Love it.  You have certainly got it all in front of you. As others have said stumps and roof are your 
starting points. I am in the middle of a 30s weatherboard. All I salvaged was the original frame,  
a fireplace,  floors and ceilings in three rooms,  a few doors and four windows.  
 Some pics in this thread might interest you  http://www.renovateforum.com/f84/vic...se-116458/#top

----------


## travelislife

Just a couple of ideas we are starting to develop. 
First off is a potential 2 story version.   
Secondly keeping it all one level.  
Obviously it would be cheaper to stay single level but I am interested in peoples thoughts on where the extra costs lie in going up a level. Also interested in any feedback people might have. These are obviously just sketches to be developed further.

----------


## OBBob

Personally I find it a lot easier to do work yourself (if that's the plan) if it's single story ... although the land saving can be beneficial. Keep in mind staircases take a lot of room and I'm not sure the one you have drawn looks long enough to reach the second floor. Also, 3.2m is a fairly small bedroom after going to all that trouble.

----------


## travelislife

> Personally I find it a lot easier to do work yourself (if that's the plan) if it's single story ... although the land saving can be beneficial. Keep in mind staircases take a lot of room and I'm not sure the one you have drawn looks long enough to reach the second floor. Also, 3.2m is a fairly small bedroom after going to all that trouble.

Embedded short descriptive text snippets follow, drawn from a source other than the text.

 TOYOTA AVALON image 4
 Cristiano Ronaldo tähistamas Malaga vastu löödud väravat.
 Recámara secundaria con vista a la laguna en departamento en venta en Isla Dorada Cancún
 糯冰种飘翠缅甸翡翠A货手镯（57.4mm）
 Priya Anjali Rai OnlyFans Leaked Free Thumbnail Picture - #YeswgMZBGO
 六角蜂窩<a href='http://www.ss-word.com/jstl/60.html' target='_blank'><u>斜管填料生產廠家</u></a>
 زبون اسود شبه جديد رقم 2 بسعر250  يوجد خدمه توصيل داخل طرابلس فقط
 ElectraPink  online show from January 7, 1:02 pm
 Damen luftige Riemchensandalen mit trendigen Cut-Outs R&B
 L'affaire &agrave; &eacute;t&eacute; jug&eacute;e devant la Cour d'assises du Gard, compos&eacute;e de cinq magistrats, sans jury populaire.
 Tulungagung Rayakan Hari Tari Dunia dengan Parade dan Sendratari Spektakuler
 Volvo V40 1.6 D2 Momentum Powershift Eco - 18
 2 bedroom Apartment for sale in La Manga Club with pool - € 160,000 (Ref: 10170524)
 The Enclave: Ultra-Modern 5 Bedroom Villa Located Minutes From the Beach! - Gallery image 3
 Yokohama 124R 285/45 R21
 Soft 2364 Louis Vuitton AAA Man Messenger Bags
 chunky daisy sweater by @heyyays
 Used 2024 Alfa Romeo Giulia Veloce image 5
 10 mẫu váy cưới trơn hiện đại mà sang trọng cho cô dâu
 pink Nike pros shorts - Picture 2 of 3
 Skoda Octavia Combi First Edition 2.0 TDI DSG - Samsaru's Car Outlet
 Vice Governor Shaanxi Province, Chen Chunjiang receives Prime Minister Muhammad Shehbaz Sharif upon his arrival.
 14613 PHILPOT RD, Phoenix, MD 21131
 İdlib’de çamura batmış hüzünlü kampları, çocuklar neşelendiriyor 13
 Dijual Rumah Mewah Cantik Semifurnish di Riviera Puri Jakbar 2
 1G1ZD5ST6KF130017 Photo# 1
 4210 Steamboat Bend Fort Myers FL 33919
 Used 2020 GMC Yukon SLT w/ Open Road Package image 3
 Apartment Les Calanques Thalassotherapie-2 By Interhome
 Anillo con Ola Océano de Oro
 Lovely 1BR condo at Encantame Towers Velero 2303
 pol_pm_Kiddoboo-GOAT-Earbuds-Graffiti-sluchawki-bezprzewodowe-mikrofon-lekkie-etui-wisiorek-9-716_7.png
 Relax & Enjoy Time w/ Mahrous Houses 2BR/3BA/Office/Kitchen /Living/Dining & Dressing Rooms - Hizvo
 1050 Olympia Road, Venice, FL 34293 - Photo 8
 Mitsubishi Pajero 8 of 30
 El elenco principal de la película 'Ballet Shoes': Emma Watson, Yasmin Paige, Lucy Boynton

  That's a really good point. If going to the extra hassle really should be making it a good sized space. 
Yeah a lot of the work will be ourselves so it could be a pretty big trade off, but also the trade off of reducing the backyard size! So many options!

----------


## OBBob

If you plan for it it's fine ... but you'll need scaffolding and that sort of thing, so it can just make whipping around to finishing or fix a few things a little more challenging. But don't listen to me too much ... I don't like heights and my current place is two story. In terms of cost it will add more because any trades will cost a bit more at that height, engineering (beams, bracing, etc.) a bit more, future maintenance a bit more, etc.  
Also, if you are only 860mm from the boundary then I suspect you won't be able to go straight up with that wall. There's a chart that shows the offset from the boundary required to build to a certain height (council may also have rules). That's why you often see houses with a step in on the second level ... another beam LOL.

----------


## travelislife

> If you plan for it it's fine ... but you'll need scaffolding and that sort of thing, so it can just make whipping around to finishing or fix a few things a little more challenging. But don't listen to me too much ... I don't like heights and my current place is two story. In terms of cost it will add more because any trades will cost a bit more at that height, engineering (beams, bracing, etc.) a bit more, future maintenance a bit more, etc.  
> Also, if you are only 860mm from the boundary then I suspect you won't be able to go straight up with that wall. There's a chart that shows the offset from the boundary required to build to a certain height (council may also have rules). That's why you often see houses with a step in on the second level ... another beam LOL.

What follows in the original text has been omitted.